Early in 2013, the Georgian Association of Arbitrators (hereinafter referred to as “GAA”) was established.43 It is the first professional body of arbitrators in Georgia. With the aim of maintaining high standard and building confidence in arbitration throughout Georgia, in June 2014, GAA developed and adopted a Code of Ethics for Arbitrators with the support of international experts. The Code of Ethics sets out the ethical standards and obligations for arbitrators that is to ensure that they practice arbitration in a fair and just manner, the arbitration process is conducted fairly and in good faith, as well as to maintain neutrality, impartiality and independence of arbitrators themselves and to oblige them to disclose any interests or relationships i.e. any conflict of interest that may affect their impartiality and influence their judgement.44 It also sets communication rules for arbitrators and dispute parties in order to avoid excessive and unnecessary expenses.45
In 2018, the GAA’s Ethics Committee was established and Disciplinary Rules were introduced with the support of both EU and UNDP. This means that the enforcement mechanism has been created. In particular, a violation of the Code of Ethics can lead to disciplinary proceedings before the GAA’s Ethics Committee that can impose sanctions ranging from confidential recommendations to expulsion from the GAA.46 GAA’s Ethics Committee has the power to react to arbitration cases handled by non-GAA members.47
The Code of Ethics of Arbitrators and the Regulations define the norms of ethics for arbitrators and establish the obligation of arbitrators to ensure that the arbitration process is conducted in good faith and fairly, to maintain neutrality, impartiality and independence, to disclose any interest or relationship that may affect their impartiality.48
According to Principle I (2) of the GAA’s Code of Ethics, “A person shall agree to be appointed as an arbitrator only if he/she is assured that:
a) he/she can act impartially;
b) he/she can act independently from the parties, potential witnesses and other arbitrators;
c) has appropriate competence;
d) has sufficient time to commence the arbitral proceedings in accordance with the requirements of the proceedings and to devote due time and attention to the proceedings after the commencement of the proceedings.”
According to Principle I (7) of the GAA’s Code of Ethics, “An arbitrator’s ethical obligation begins as soon as he or she is appointed as an arbitrator and continues until the end of the arbitration process. In addition, in cases defined by the Code of Ethics, some ethical obligations start from the moment a person is asked to act as an arbitrator, while some ethical obligations continue after the parties have received the arbitral award.”
According to Principle II of the GAA’s Code of Ethics, “The arbitrator is obliged to declare his interests or relationships that may affect his impartiality or give the impression of bias.”
The obligation to disclose is explicitly set out in the GAA’s Code of Ethics, according to which a person who has been asked to act as an arbitrator, before giving his/her consent, is obliged to declare about any kind of direct or indirect, financial or personal interest that he/she may have in relation to the outcome of the dispute. The Code specifies exactly what information an arbitrator has to disclose and how he is required to do it.

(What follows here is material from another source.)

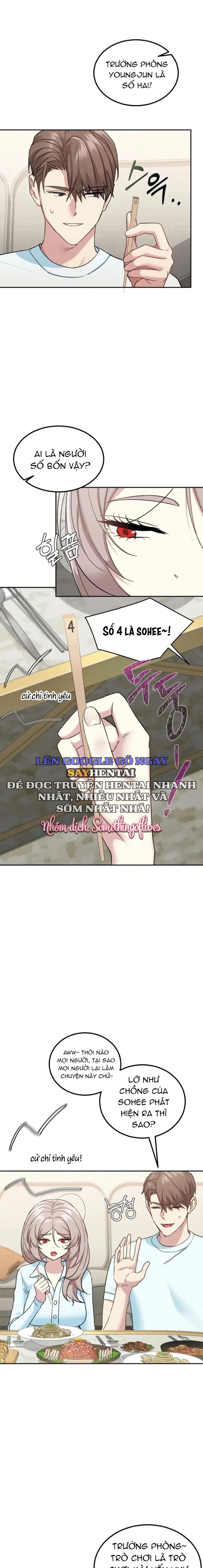 đọc truyện Em Không Nhịn Được Nữa Đâu, Chị Dâu À! Chương 8 ảnh 6 tại Thiên Thai Truyện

Before consenting to the appointment as an arbitrator, the individual is obligated under the GAA’s Code of Ethics to examine the presence of the relations and interests indicated in the GAA’s Code of Ethics.

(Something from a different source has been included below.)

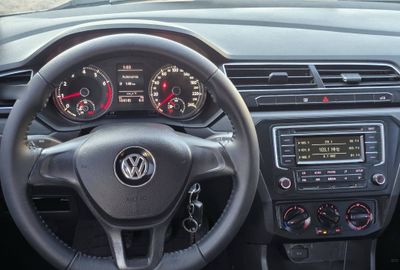 Volkswagen Gol miniatura 8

According to Article 12 (3) of Law of Georgia On Arbitration, A person to be appointed as an arbitrator, or an appointed arbitrator, from the time of his/her appointment throughout the arbitration proceedings, is obliged to immediately notify the parties and the arbitral tribunal, about any circumstances that make his/her impartiality and independence doubtful.
It is worth mentioning the most recent practise in terms of duly fulfilment of the arbitrator’s responsibility to disclose information. The arbitral tribunal granted the respondent’s request, pursuant to which he challenged the arbitrator, as the arbitrator and the representative of the claimant both held elective positions in the management structure of a professional organisation at the same time, and the arbitrator failed to disclose this when filling out the declaration of independence and impartiality. Since the arbitrator and the claimant’s representative were both working on elective positions in the professional organization’s management structure, they would have a closer, business or personal interaction, and the arbitrator had an obligation to disclose this information. Given that the arbitrator failed to disclose this information, he was withdrawn from his position.
See footnotes after question 51.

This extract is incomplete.